Roughly 81 per cent of CUPE 882 members voted to reject the latest proposal, sending both sides back to the bargaining table. CUPE National representative Mira Lewis said the union hopes administration takes the rejection to heart, and returns to negotiations prepared to get a deal done.
“We hope this will send a strong message to city council,” Lewis said in a press release. “Your workers are standing united and demanding respect.”
The next set of bargaining dates has not been chosen, according to a CUPE press release. The union says it will reach out to the City of Executive Director of Labour Relations Kristin Anderson to choose one.
Kiley Bear, the City of Prince Albert Director of Corporate Services, said the rejected vote means the union has to be more proactive if the two sides are going to come to an agreement.
“The mandate of the City of Prince Albert has not changed,” Bear said in a press release. “We cannot consider a proposal that comes at more cost to the taxpayer. Following the vote (Tuesday) night, we are considering our next steps. In the meantime, we invite the union to submit a new proposal for our review.”

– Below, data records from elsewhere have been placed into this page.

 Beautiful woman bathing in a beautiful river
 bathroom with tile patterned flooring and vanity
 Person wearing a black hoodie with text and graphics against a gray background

Union members started job action on Aug. 10, with a full withdrawal of services on Monday, Sept. 11, that has impacted the Art Hauser Centre, E.A. Rawlinson Centre, and City Hall, among other locations.
Striking workers have made their presence felt outside City Hall honking horns and playing music while picketing the block. They’ve also picketed along 12th Street West not far from the E.A. Rawlinson Centre.

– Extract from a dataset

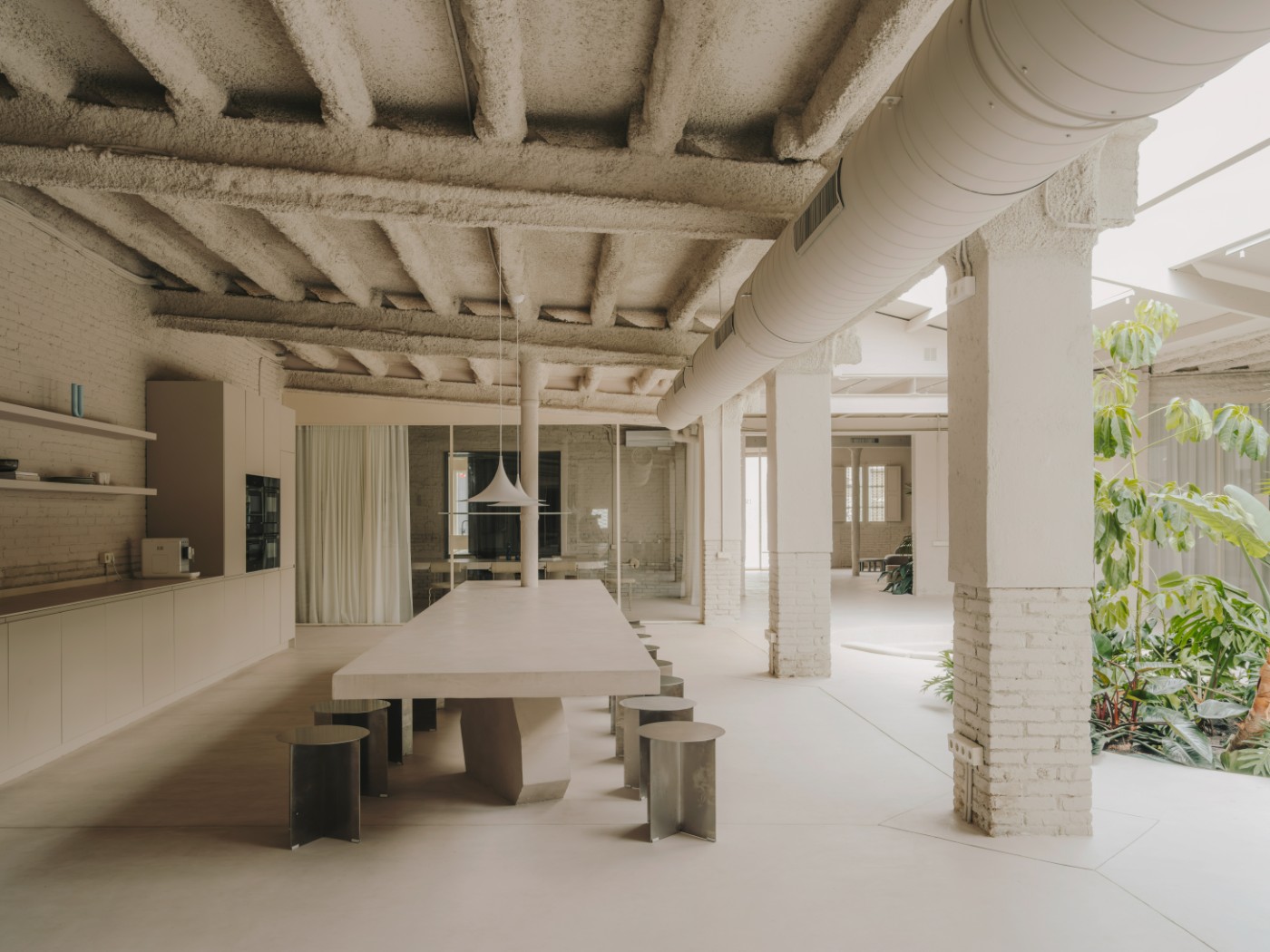 Blow Studio by Isern Serra — A recessed circular seating pit dominates the polished concrete floor, its cream-colored upholstered bench wrapping continuously around the perimeter.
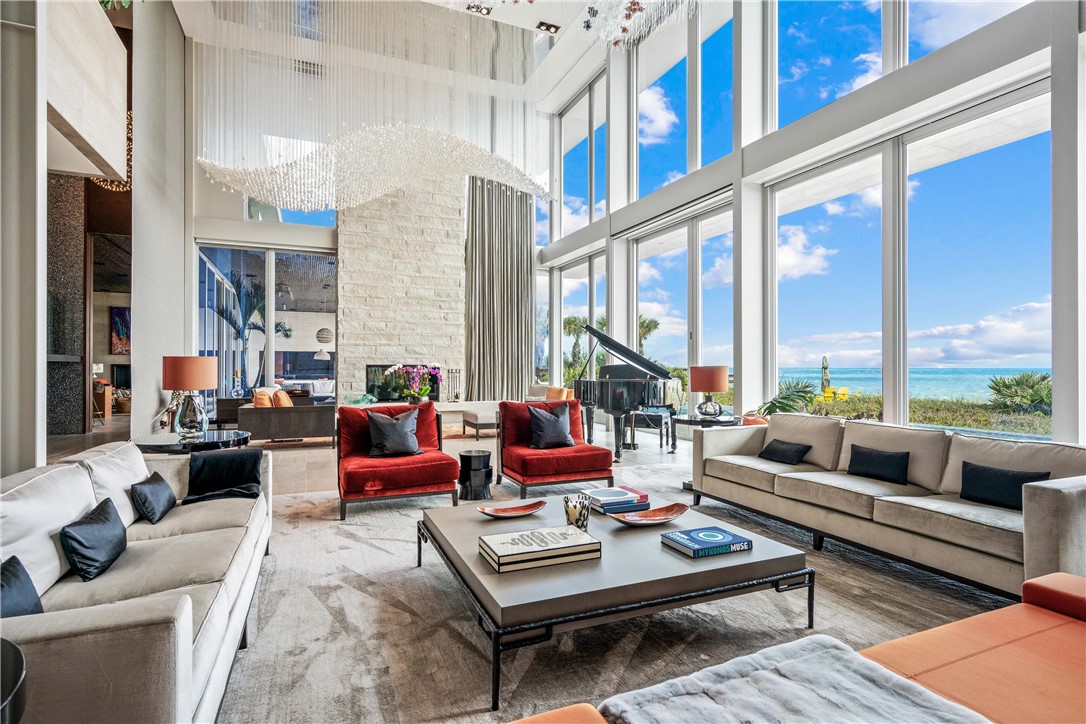 3700 Ocean Drive Vero Beach, FL 32963 - Photo 6 of 36 a living room with furniture and a large window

On Wednesday, CUPE 882 sent out a press release accusing Mayor Greg Dionne of driving through the picket line outside City Hall and striking two union members Tuesday afternoon.
The union says it’s the latest example in a string of acts that show “a complete disregard” for union members, who have faced months of verbal threats, bullying, and mean-spirited actions.

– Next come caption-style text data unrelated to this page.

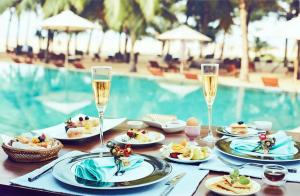 尼甘布杰特维茵酒店集团有限公司的餐桌,带食物盘和香槟杯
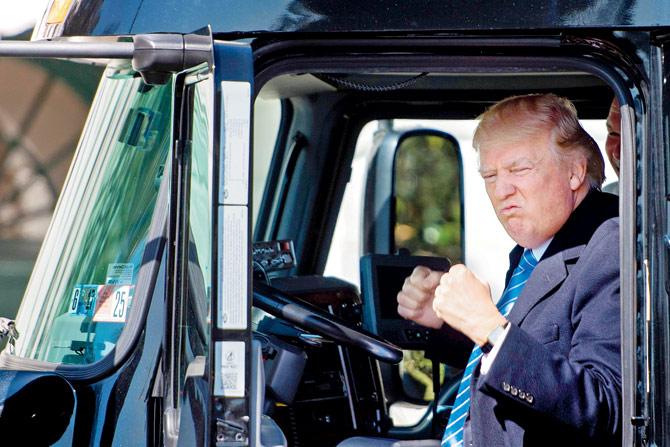 US President Donald Trump sits in the driver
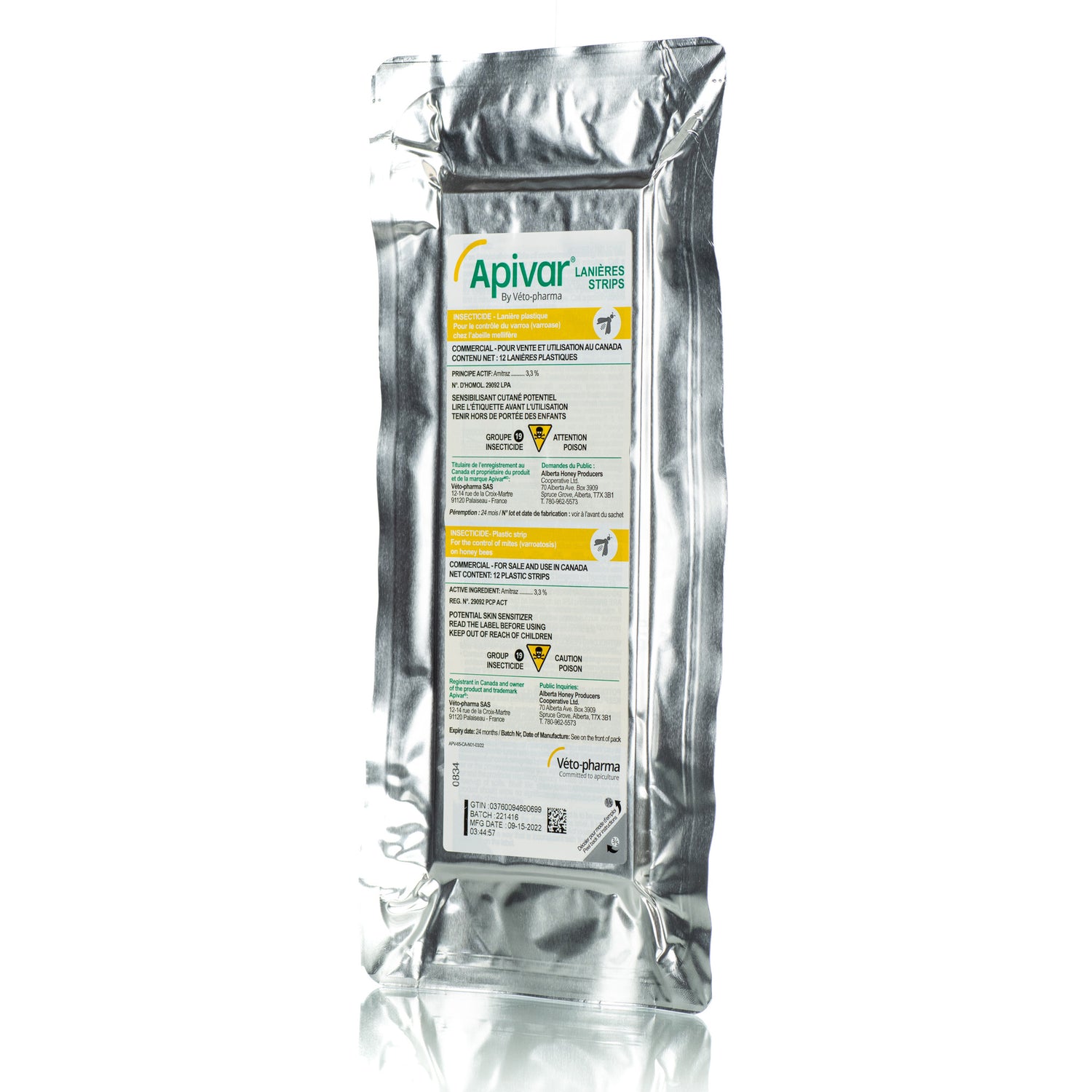 A side view of a sealed package of Apivar strips used for mite control in honey bees.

“This job action will end, and we will all have to go back to work together,” CUPE 882 vice-president Cara Stelmaschuk said in a press release. “We hope that Mayor Dionne apologizes for his actions and thinks about the tone he is setting for labour relations.”
“Mayor Dionne’s actions are creating a challenging relationship with city workers,” Lewis added. “We are saddened and disappointed that Mayor Dionne felt the need to push through the picket line regardless of the safety of city workers in front of him. His actions further erode the relationship and clearly illustrates a lack of respect.”
The union is in conversation with two members involved in the incident, according to the press release, and have reported the incident to police.
The City of Prince Albert declined to comment on the interaction at this time since the matter has been referred to the Prince Albert Police Service.
In an email sent out Thursday afternoon, Bear wrote that management and members of the public continue to deal with picketers who “unlawfully block traffic at City Hall and other facilities.”
The City also accused CUPE picketers of using “disruptive behavior and intimidation tactics” at the E.A. Rawlinson Centre and City Hall. The City argues picketers have blown horns in the face of seniors, posted derogatory signs, and disturbed downtown businesses and customers by playing loud music and blowing horns “non-stop”.